* **TASK ITEM**: Pictures are to be skipped. Retype exactly the lines from the top of the material through the one with "Union Straight Connector", and only those.
** Opening DATA SECTION block **
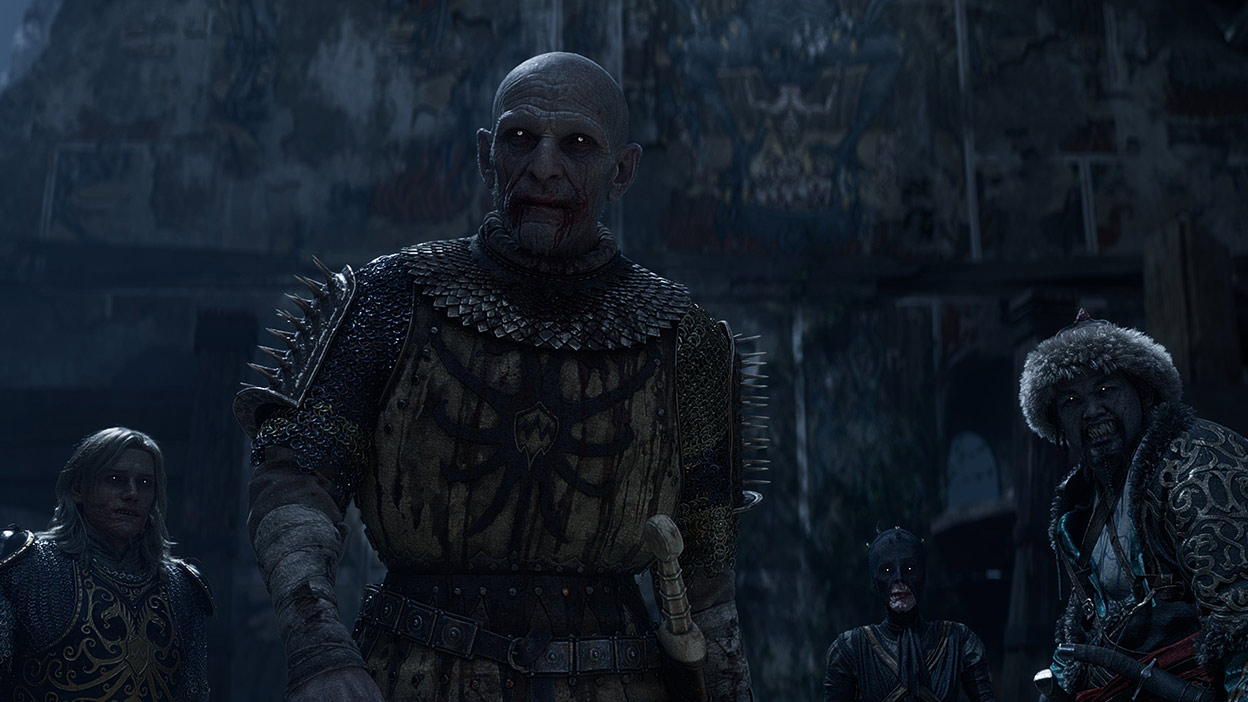 Four vampires with glowing white eyes and blood around their mouths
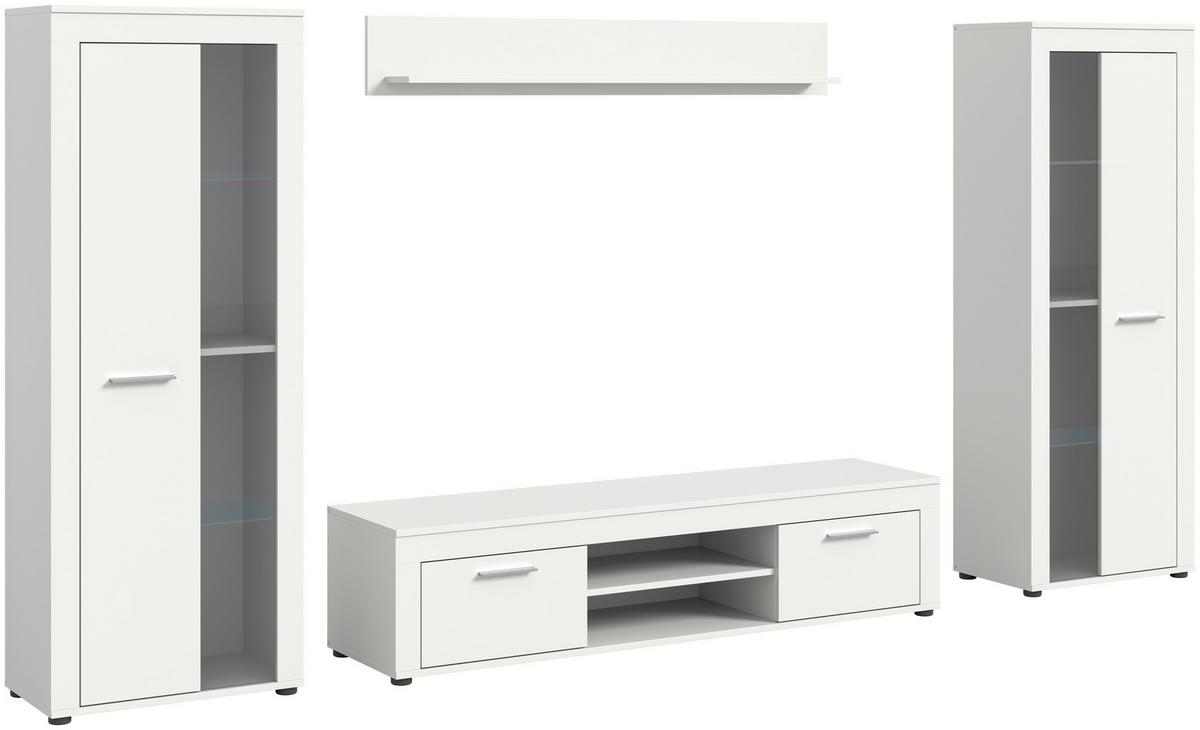 ANSAMBLU MOBILIER CAMERA DE Z JAM - alb, Design, sticlă/material pe bază de lemn (310/159/35cm) - Modern Living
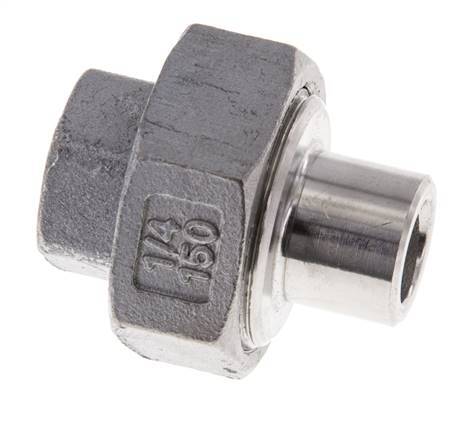 Union Straight Connector Rp1/4'' Female x 13.5mm Weld End Stainless Steel Flat Seal PTFE 150bar (2107.5psi)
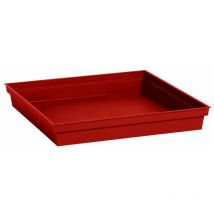 Sottovaso in Plastica L.26,7 x L.26,7 x H.3,8 Cm Rosso Rubino EDA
** Closing DATA SECTION block **
* **EXPECTED OUTPUT**:
 Four vampires with glowing white eyes and blood around their mouths
 ANSAMBLU MOBILIER CAMERA DE Z JAM - alb, Design, sticlă/material pe bază de lemn (310/159/35cm) - Modern Living
 Union Straight Connector Rp1/4'' Female x 13.5mm Weld End Stainless Steel Flat Seal PTFE 150bar (2107.5psi)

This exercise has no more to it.